Companies are leaving it very late!

With only a handful of months to run until the SEPA migration deadline (1st February 2014) it appears that the European Payments Council is struggling to encourage large corporates and public bodies to make complete and timely migrations to SEPA compliance.

The European Central Bank recently stated that although take up of SEPA Credit Transfers has improved, the adoption of SEPA Direct Debits is still languishing at an ‘unacceptable’ level. Also, it appears that European corporates are opting for a minimal effort ‘compliance-only’ approach to SEPA migration, missing the opportunity to make strategic changes to their business systems and enhance organisational efficiency.

We believe the reasons for this absence of enthusiasm are two-fold:

1) A lack of awareness as to what the consequences of late or non-compliance will be, and
2) A shortage of information outlining what large European companies stand to gain from an early and comprehensive conversion to SEPA

The threat of penalty for inactivity is insufficient, as too is the promise of reward for proactivity. The combination of these factors means movement in any direction is slow and uncommitted. Both the carrot and the stick are missing.
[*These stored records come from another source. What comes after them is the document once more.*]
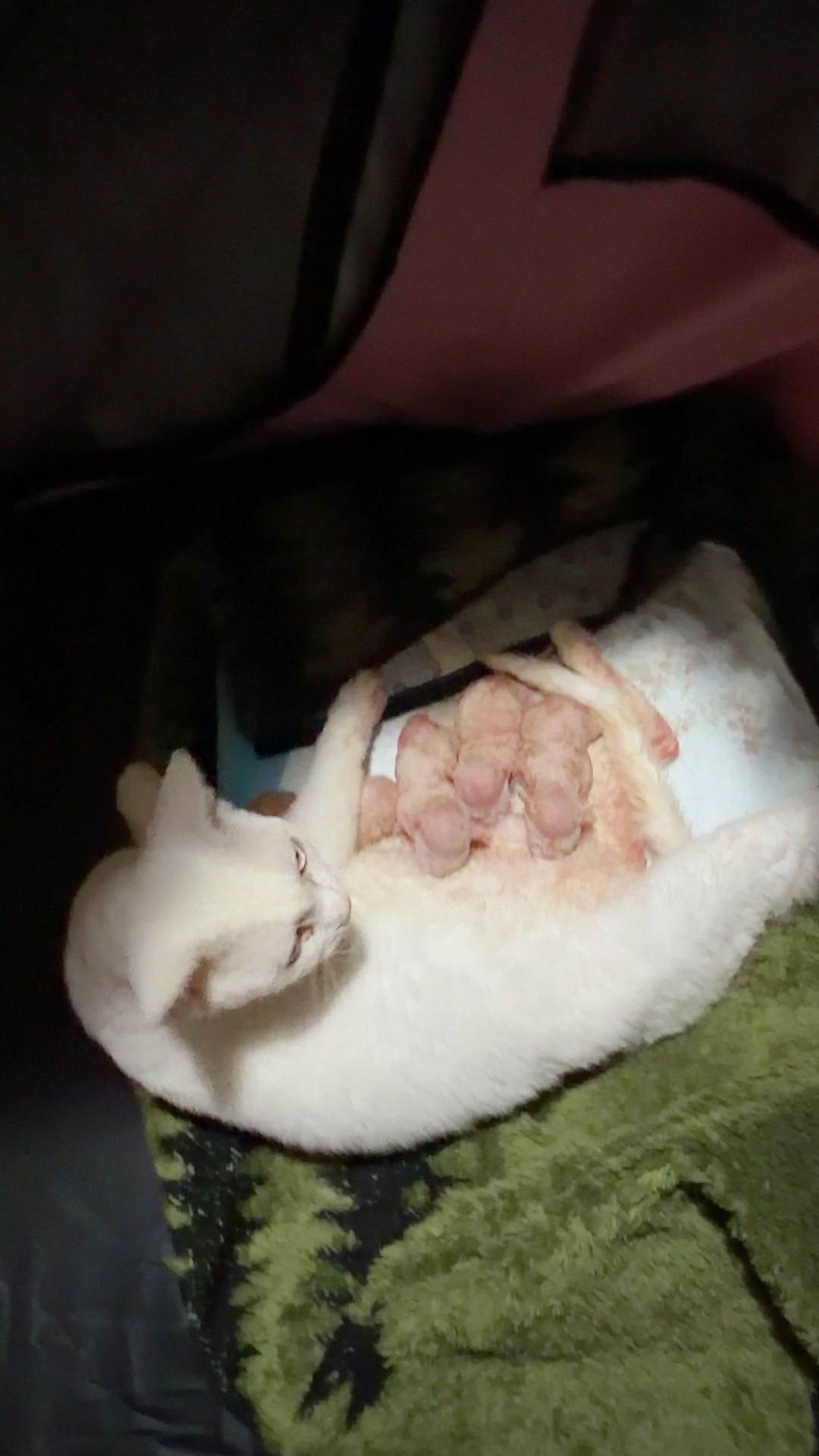 德文猫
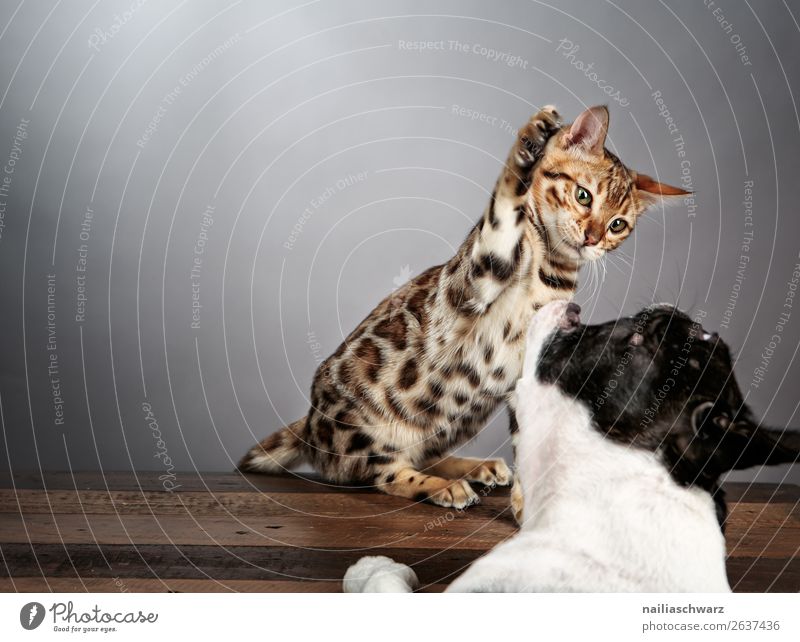 Cat & Dog Animal Pet Animal face boston terrier French Bulldog Bengali Cat 2 Table Touch Looking Sit Argument Romp Happiness Funny Cute Moody Joy Determination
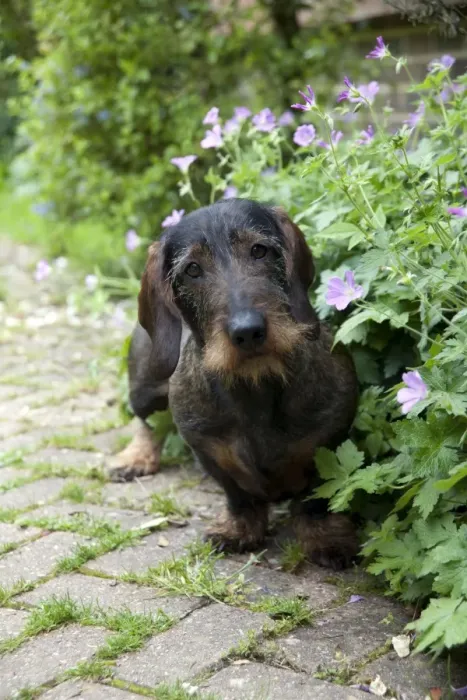 Framed Print : DOG - Standard wire haired dachshund - sitting in flowerbed Framed Print : DOG - Standard wire haired dachshund - sitting in flowerbed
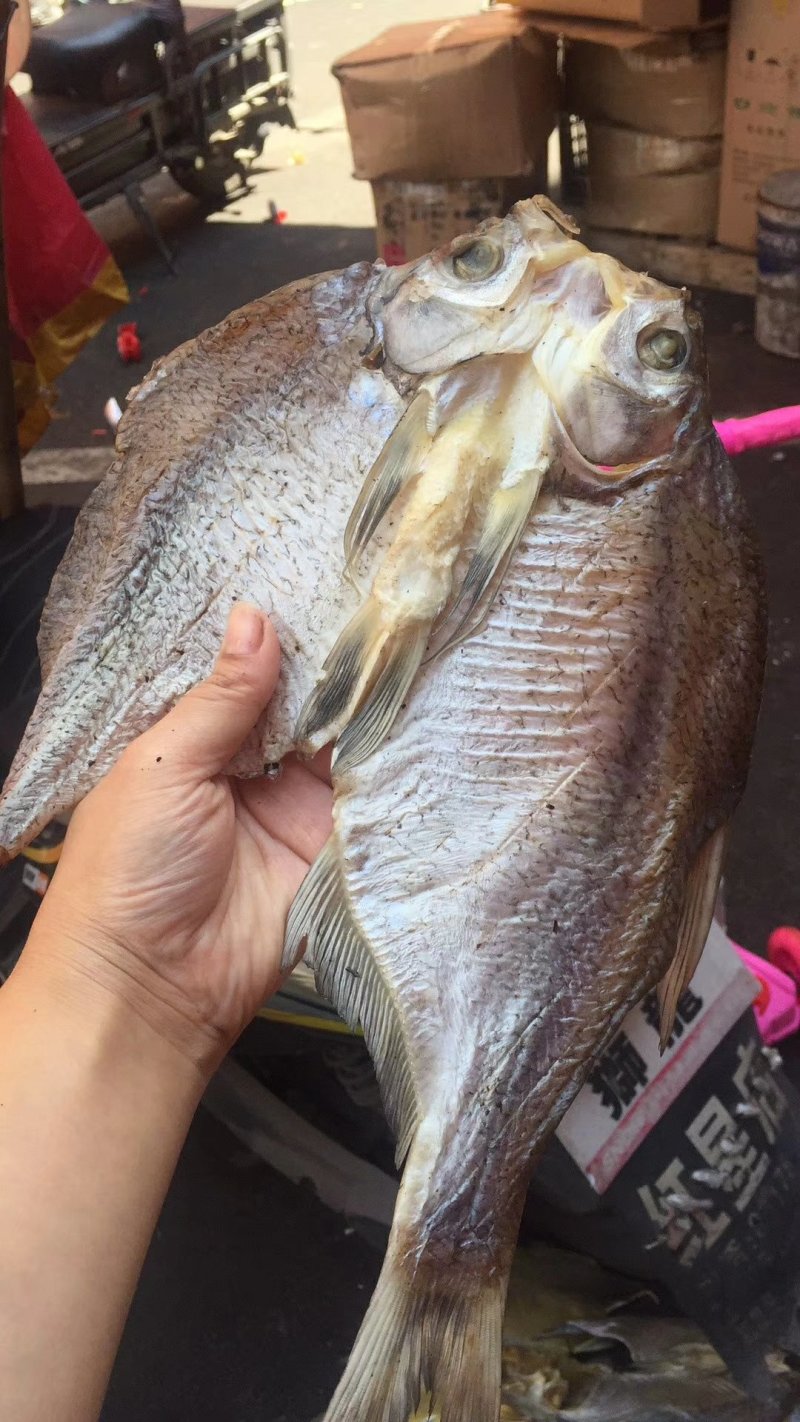 风味武昌鱼鳊鱼干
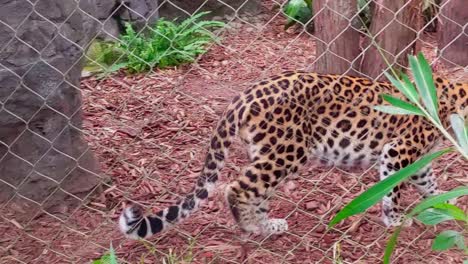 cheetah walks behind fence inside enclosure at zoo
Viewing SEPA as a means of centralising an organisation’s payments activity and business technology is a strong starting point. Once the distinction between domestic and international payments has been removed, a whole new area of rationalisation becomes available to the European MNE.

Large companies operating in America have long benefitted from the uniformity of the country’s language, currency, communications and payments system. A company based in New York operating a subsidiary in Chicago is able to use the same cash, cheques, electronic payments systems and business technology to coordinate activity between the two business entities.

For a French company with subsidiary operations in Greece, things as they currently stand, are far more complicated.

With SEPA, companies can remove this impediment to efficiency. The standardisation of payments communications and account identification codes will make it much easier to integrate disparate business systems, standardise payment reconciliation procedures and negate the communication barrier that has so long been a hindrance to European MNEs. In addition, the reduction in processing times will make it more practical and economical to centralise accounts for payments and collections in Europe.

The savings created from the introduction of a consolidated scheme could very well make SEPA migration a self-financing project for many large European corporates. It is always difficult to put a monetary value on efficiency but this incentive should be enough to encourage management to revise their estimations of how SEPA will affect their bottom line.